## Directions for this task
Drop all images and give the records again exactly.

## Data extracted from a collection
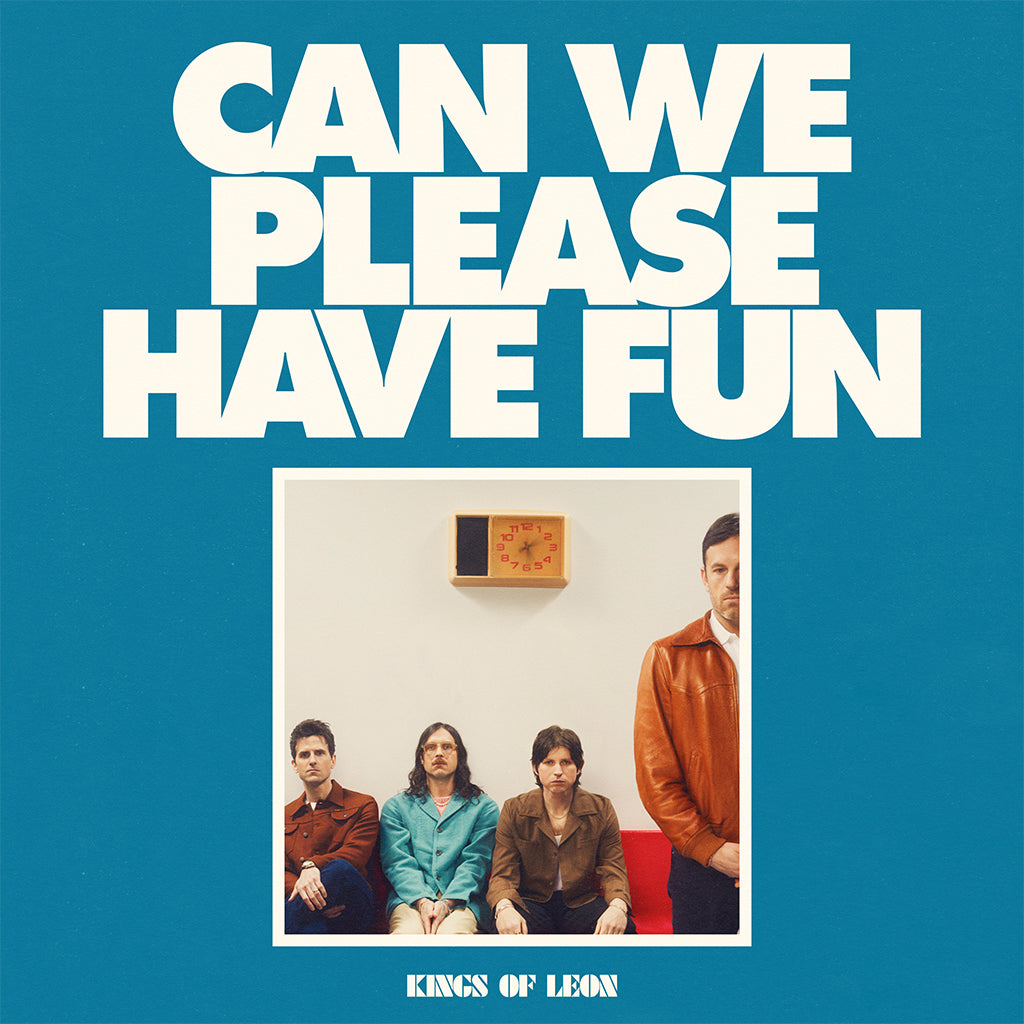 KINGS OF LEON - Can We Please Have Fun - LP - Red Apple Colour Vinyl [MAY 10]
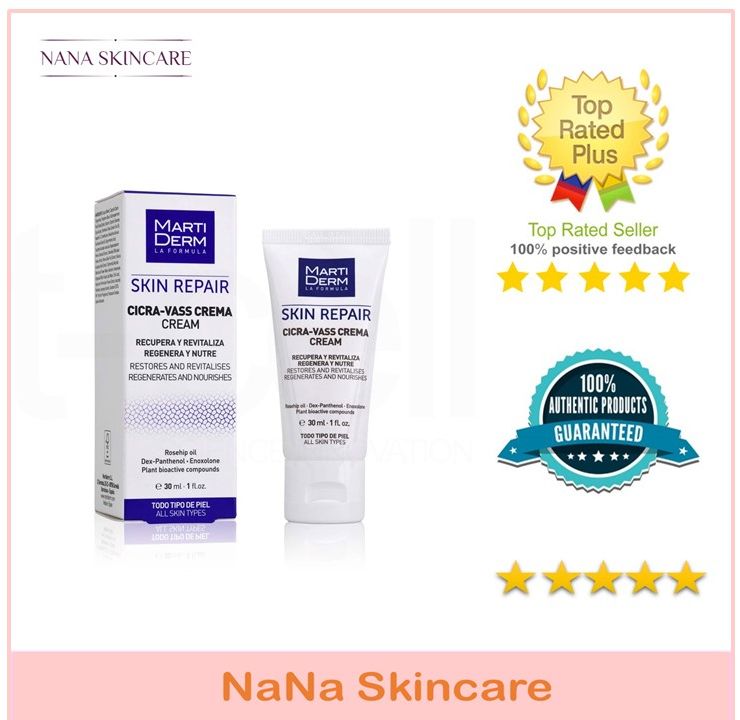 ✅[Nhập Khẩu Chính Hãng] Martiderm Skin Repair Cicra Vass Cream - Kem Dưỡng Tái Tạo & Phục Hồi Da Tổn Thương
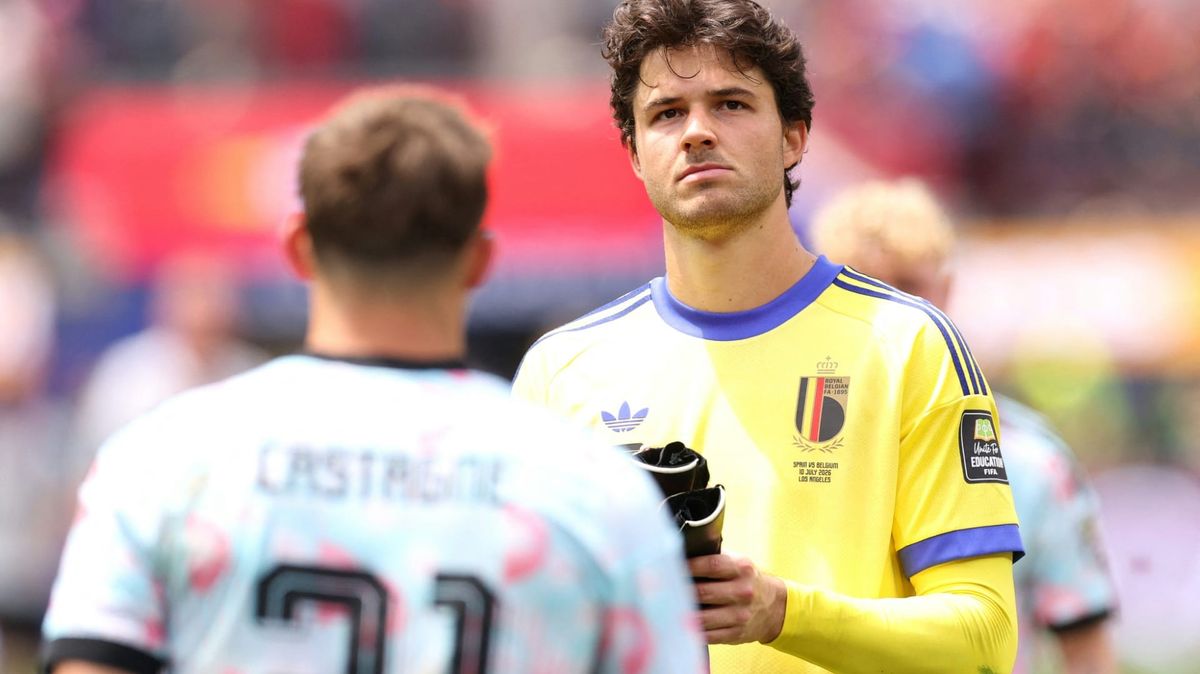 "Kein Problem": Courtois verteidigt Lammens - und plant Pause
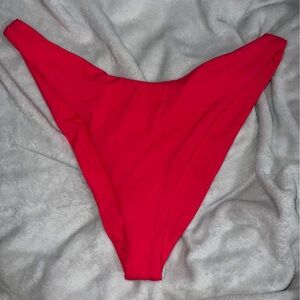 L*Space Bold Pink Bikini Bottom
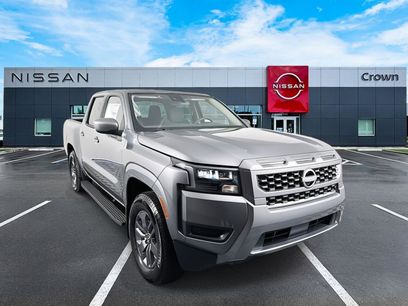 New 2026 Nissan Frontier SV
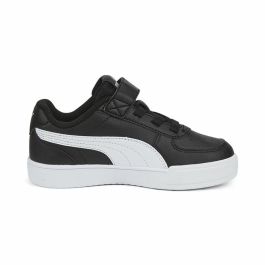 Zapatillas Deportivas Infantiles Puma Caven Ac+ Ps Negro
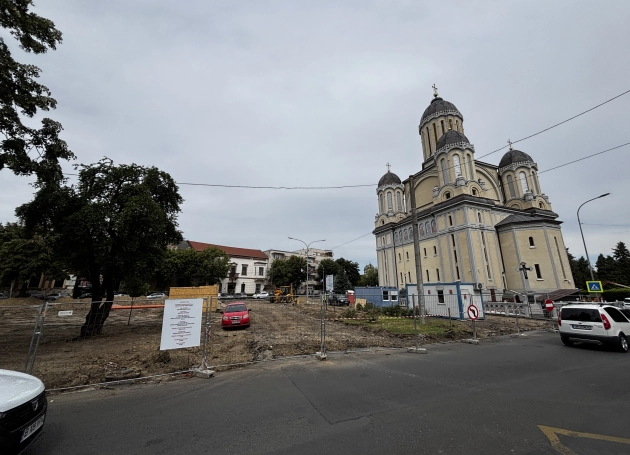 Forgalmi rend változást hoz a parkfelújítás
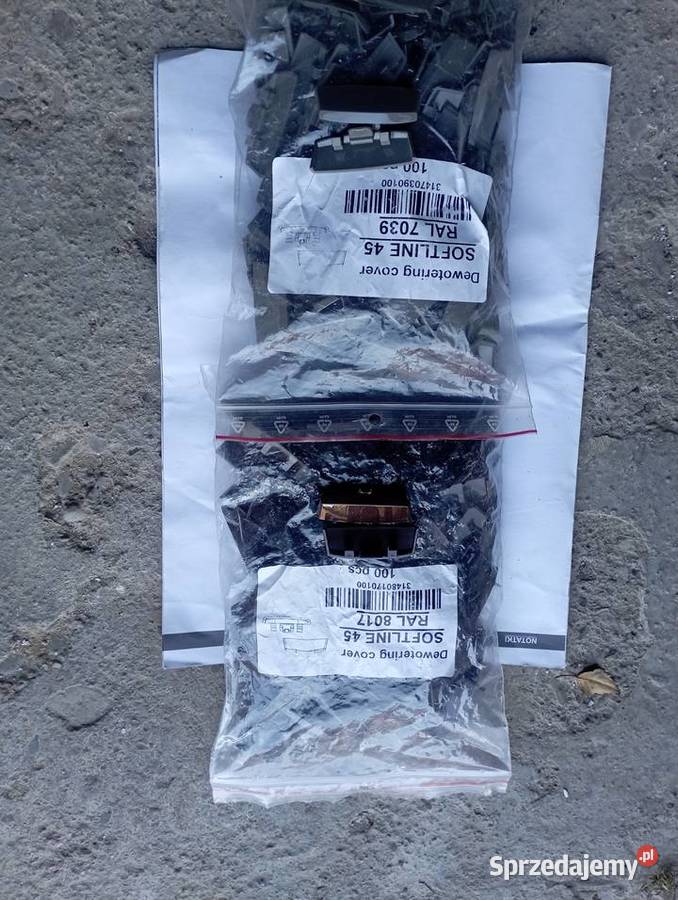 Zaślepki do odwodnienia do okien Grodzisko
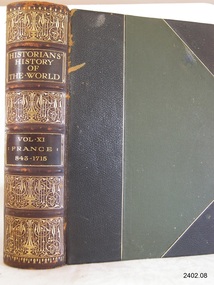 Book, The Historians History of The World Vol 11 set 2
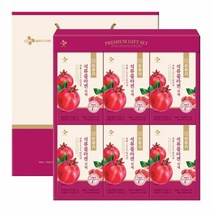 CJ [1+1 선물세트]한뿌리 석류콜라겐 50ml*24포 부모님 명절 회사 직원 어버이날 선물, 28set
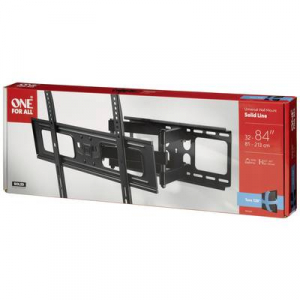 One For All  (WM 4661) TV fali tartó 81,3 cm (32) - 213,4 cm (84) Dönthető, Csuklóval mozgatható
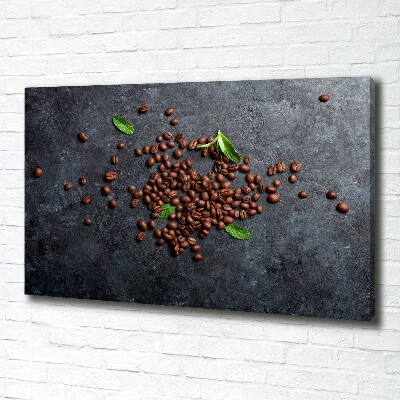 Canvas wall art Coffee beans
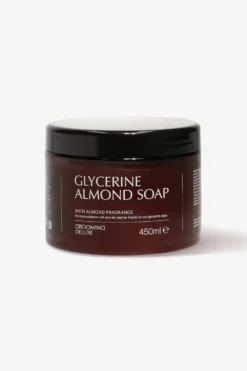 Grooming Deluxe Grooming Deluxe|Skötsel & Hästvård-Glycerin Lädertvål Mandel 450ml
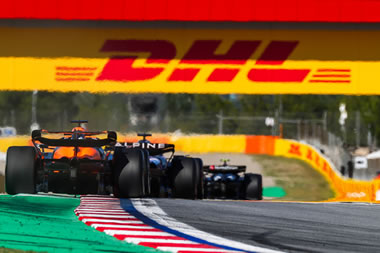 FIA anuncia zonas de detección y activación del DRS en el Circuito de Silverstone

## Exercise output
 KINGS OF LEON - Can We Please Have Fun - LP - Red Apple Colour Vinyl [MAY 10]
 ✅[Nhập Khẩu Chính Hãng] Martiderm Skin Repair Cicra Vass Cream - Kem Dưỡng Tái Tạo & Phục Hồi Da Tổn Thương
 "Kein Problem": Courtois verteidigt Lammens - und plant Pause
 L*Space Bold Pink Bikini Bottom
 New 2026 Nissan Frontier SV
 Zapatillas Deportivas Infantiles Puma Caven Ac+ Ps Negro
 Forgalmi rend változást hoz a parkfelújítás
 Zaślepki do odwodnienia do okien Grodzisko
 Book, The Historians History of The World Vol 11 set 2
 CJ [1+1 선물세트]한뿌리 석류콜라겐 50ml*24포 부모님 명절 회사 직원 어버이날 선물, 28set
 One For All  (WM 4661) TV fali tartó 81,3 cm (32) - 213,4 cm (84) Dönthető, Csuklóval mozgatható
 Canvas wall art Coffee beans
 Grooming Deluxe Grooming Deluxe|Skötsel & Hästvård-Glycerin Lädertvål Mandel 450ml
 FIA anuncia zonas de detección y activación del DRS en el Circuito de Silverstone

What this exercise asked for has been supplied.